A violência contra as mulheres vem crescendo no Brasil, e a educação tem sofridos cortes no financiamento…
Melhor parar por aqui a síntese do cenário…
Em momentos como esse, em que somos tomamos pelo desalento, as Marchas afiguram-se como potentes instrumentos de solidarização e conforto, atuando no campo psicológico para amenizar a frustração do retrocesso social que experimentamos. Ao mesmo tempo, servem para nos educar sobre os direitos dos quais somos detentores e reavivar a necessidade de organização coletiva para avançarmos nas conquistas. Apesar de ouvirmos por aí que deveríamos nos organizar para resistir, a verdade é que só resistir é insuficiente. É preciso ir em frente.
Talvez você pense: mas por que eu não ouvi nem soube dessas Marchas? Bem, a verdade é que, como Sabrina Fernandes sempre fala em seu canal no youtube, vivemos há anos em processos de desmobilização política, com a valorização exacerbada do indivíduo, do seu ganho pessoal em desfavor do coletivo. A mídia e os algoritmos da internet contribuem bastante para essa desmobilização, não dando visibilidade a esses acontecimentos.

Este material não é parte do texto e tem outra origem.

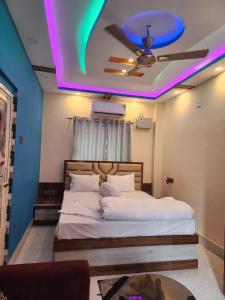 paromita inn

Do ponto de vista jurídico, esse é um fenômeno bem curioso, pois a essência da nossa Constituição, que fundamenta e organiza a sociedade brasileira, é solidarista e coletiva, já que o art. 3º da Constituição diz que a República Federativa do Brasil tem como objetivos a construção de uma sociedade livre, justa e solidária, erradicação da pobreza e promoção do bem de todos, sem preconceitos de origem, raça, sexo, cor, idade e quaisquer outras formas de discriminação.
Em um momento em que a Constituição está desprestigiada, a Marcha das Margaridas e a 1ª Marcha das Mulheres Indígenas nos fazem relembrar da importância das lutas coletivas em favor de nós mesmos, daquilo que só existe na interseção do individual com o coletivo.
Fim do texto. Decidi fazer uma lista de atividades que vou me envolver esse ano. É inspiração que chama… Sigamos.